Georges Dreyfus added, "Despite being hurt by the polemical attack, Tri-jang Rin-po-che made it clear that violence was out of the question. Gradually, tempers cooled down and the incident was forgotten—or so it seemed."

In June 2007, the Times stated that Interpol had issued a Red notice to China for extraditing two of the alleged killers, Lobsang Chodak and Tenzin Chozin. Robert Thurman adds that the alleged killers had their origin within China as well. The Seattle Times reported, "The two men suspected of stabbing their victims are believed to have fled India. Five others, all linked to the Dorje Shugden Society in New Delhi, were questioned for months about a possible conspiracy. No one has been charged."

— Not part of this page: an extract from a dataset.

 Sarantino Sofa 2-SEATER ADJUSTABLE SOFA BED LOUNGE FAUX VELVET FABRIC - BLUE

Kelsang Gyatso denied the involvement of any of his followers in the murder, and condemned the killings. Matthews notes that "In spite of speculation, no connection has been found between New Kadampa Tradition and the murders in Dharamsala"

=== 2000s-present===

====Attempted murder====
Trijang Chocktrul Rinpoche revealed an attempt to frame the Central Tibetan Administration with murder:

In my own labrang, I have recently witnessed a kind of factionalism, and I have discovered that one person in particular was planning an evil conspiracy. This plan was to murder my assistant, Tharchin, and to implicate His Holiness’s government-in-exile with this odious crime [...] If he had succeeded in his plan, it would have been a cause of great trouble for the labrang, as well as a cause of disgrace to the Tibetan government and His Holiness the Dalai Lama.

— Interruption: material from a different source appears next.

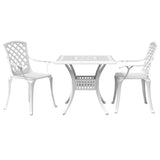 Bistro Set White Cast Aluminium Medium Durable Bistro Set 3216347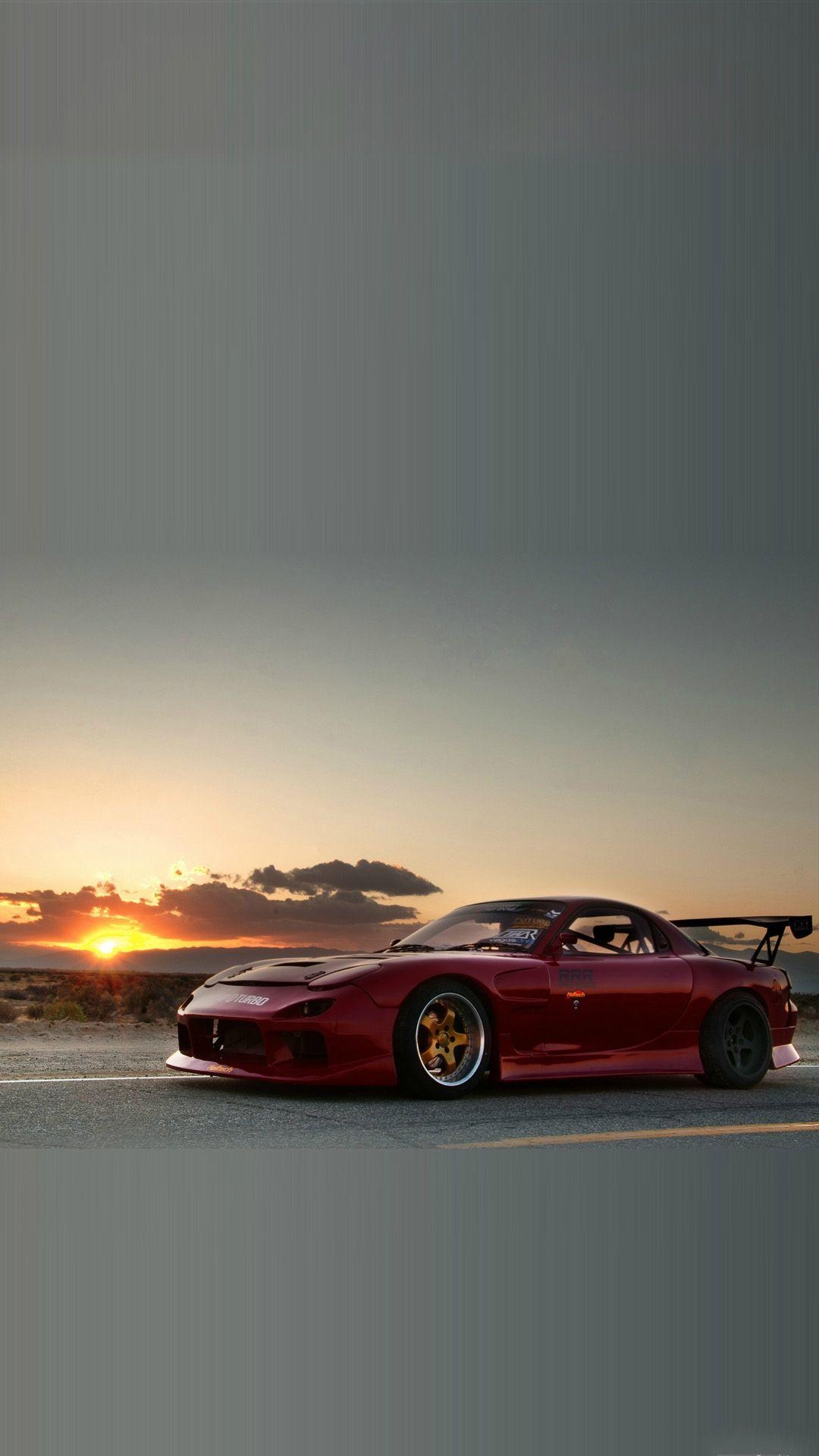 1080x1920 Mazda RX7 Sunset #iPhone #wallpaper. iPhone 8 wallpaper in 2018, Phone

Trijang Chocktrul Rinpoche's declaration disturbed the image of a peaceful community, and the polemics against the Dalai Lama diminished for a long while.

====Schism within the Gelug school====
The Gelugpa school has three great monasteries, namely Sera, Ganden, and Drepung. In 2008, the Dorje Shugden controversy led to formal schism within the Gelug school. Pomra Khangtsen, one of the sixteen sections of Sera monastery, legally separated itself in India from the rest of Sera, continuing as "Serpom Monastic University" at Bylakuppe. Also in 2008, a section of Ganden Shartse at Mundgod similarly separated itself from Ganden and is now known as "Shar Ganden Monastery". In these institutions, the monks continue to worship Dorje Shugden as well as follow traditional curricula and other religious practices of their parent institutions. A few smaller Gelug monasteries have affiliated themselves with these two monasteries rather than with mainstream Gelug.

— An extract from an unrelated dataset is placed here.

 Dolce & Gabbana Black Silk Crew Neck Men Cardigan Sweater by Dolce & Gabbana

The present abbot of Serpom is Kyabje Yongyal and its acting abbot is Jampa Khetsun. The present abbot of Shar Ganden is Lobsang Jinpa.

====Protests====
Hundreds of western Shugden practitioners have staged numerous demonstrations against the Dalai Lama, most recently in 2015 when he opened the Aldershot Buddhist Centre and in Cambridge, and 2014 in San Francisco, Berkeley, Washington, D.C., Oslo, Rotterdam, and Frankfurt.

In response, the Central Tibetan Administration (CTA) published different statements and corrections to the protesters' claims. They also posted two lists of Tibetan participants of the protests and a declaration by former NKT members and ex-practitioners of Dorje Shugden. International Campaign for Tibet also condemned the protests, stating in February 2015, "The way the group has been denigrating the Dalai Lama is an affront to the Tibetan people and is causing great damage to the broader Tibetan issue."

==Views==

===Views of opponents of Dorje Shugden practice===

====Ling Rinpoche====
Ling Rinpoche, who was the Ganden Tripa and senior Gelug tutor to the 14th Dalai Lama, was opposed to Shugden as he hailed from Drepung Monastery.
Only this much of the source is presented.